Open source data management: Sherlock open for all
EI provides a new, easy, customisable, open source data management platform for the bioinformatics community
The Earlham Institute provides a new, easy, customisable method of data management for smaller research groups who don’t have the resources to develop a modern, big data solution.
In line with our open access approach, Máté Szalay-Bekő of the Tamas Korcsmáros group has open sourced Sherlock to help the bioinformatics community.
Borrowing open source tools from big players such as Amazon and Facebook, Sherlock is a platform to analyse bioinformatics data using modern, big data technologies.
The tool will be especially useful for small research groups who don’t necessarily have the resources to develop their own big-data management solution, who are free to customise the software.
Máté tells us, “We want to encourage everyone to use Sherlock, and also to customise it for themselves. The code is open and we hope that the documentation and examples we provided can help in their daily work. We are open to any suggestions for further development, and also excited for the feedback.”
Using Sherlock can improve data quality and reduce the complexity of data management in any bioinformatics lab.

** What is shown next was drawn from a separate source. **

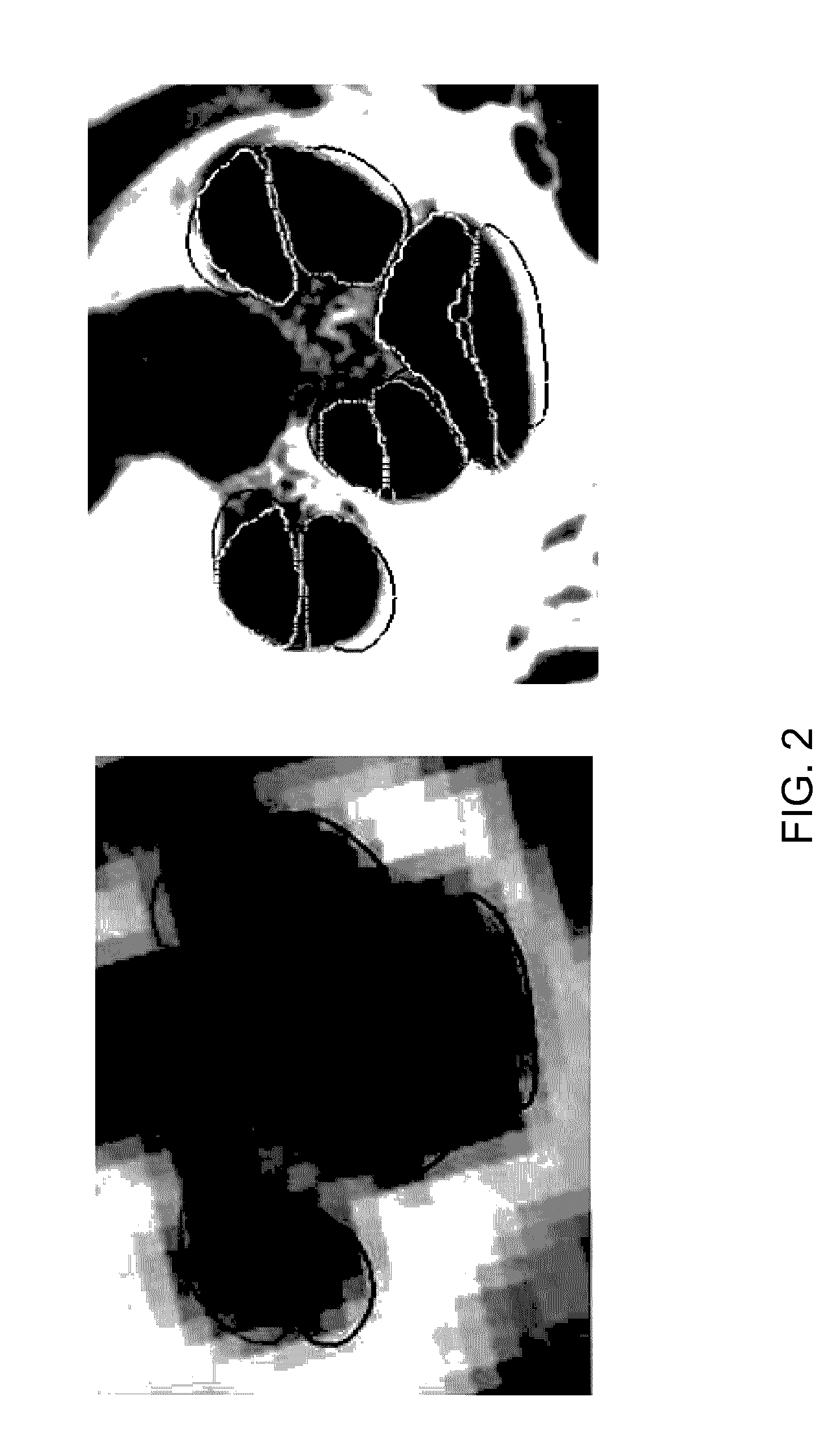 Methods and systems for customizing cochlear implant stimulation and applications of same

There is some initial investment in understanding big data concepts and technologies, but pays back in the time saved when, instead of downloading six different public databases and writing a dozen scripts that might take a whole day or longer, you can run a query and have the answer to your desired research question in 15 minutes.
On future plans, Máté explains, “Sherlock is not a finished project. On the contrary, it has just started. As we are using it and integrating more and more data into this platform in our research group, we will always share these new scripts / examples. Of course, the best outcome would be to have many people joining us, resulting in real, community-driven open source development.”